As van prices are so astronomical in Spain im thinking of importing a van from the UK. It would have partial side windows and 6/7 seats. Somthing like a Vauxhall Vivaro. Also it would be Left hand drive.

Is this possible? What potential pitfalls do we face? Can you import a RHD van?

thanks for any advice on the questions asked above.


----------



## MaidenScotland (Jun 6, 2009)

Hi

Have a read of the sticky above... driving in Spain

http://www.expatforum.com/expats/spain-expat-forum-expats-living-spain/82671-driving-spain-info.html


----------



## Earnie (Nov 3, 2010)

MaidenScotland said:


> Hi
> 
> Have a read of the sticky above... driving in Spain
> 
> http://www.expatforum.com/expats/spain-expat-forum-expats-living-spain/82671-driving-spain-info.html


Thanks, I have but nothing to help me as such.


----------



## jojo (Sep 20, 2007)

As far as I know, you cant bring a commercial vehicle over here permanently

Jo xxx


----------



## donz (May 5, 2010)

yes so far we have not found a legal way to keep our UK RHD van here permanently. We have been told that you can only have a commercial vehicle here for up to 3months and you cannot have it changed over to Spanish plates. 

I have heard on the grapevine lately that it could be possible were there to be windows etc put in (we have a panel van) but we have not been able to confirm that.

Can't say on a LHD. What I would say however though is by the time you go through the hassle of paperwork and costs of having it changed over, you may well would prefer to just pay the extra and pay it here.

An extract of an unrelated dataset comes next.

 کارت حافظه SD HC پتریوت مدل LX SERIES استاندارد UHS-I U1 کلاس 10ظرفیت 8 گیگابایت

Remember it's a) a buyers market and b) the warranty is a decent one that does cover everything unlike UK ones. The only reason we brought ours with us instead of buying a new one was because it is a professional dog vehicle with solid kennels and we were bring our dogs in it too else we would have just sold it back in the UK and started over here.


----------



## thehenderson (Jul 16, 2011)

I looked into importing a car then decided against it! too much hassel for me.


----------



## gus-lopez (Jan 4, 2010)

donz said:


> I have heard on the grapevine lately that it could be possible were there to be windows etc put in (we have a panel van) but we have not been able to confirm that.


I wouldn't have thought so as they will not re-register factory built rh drive motorhomes which are van based . 

You cannot re-matriculate rh drive vans & lorrys due to visbility restrictions. You would have no problems re-matriculating a lh drive UK registered van.


----------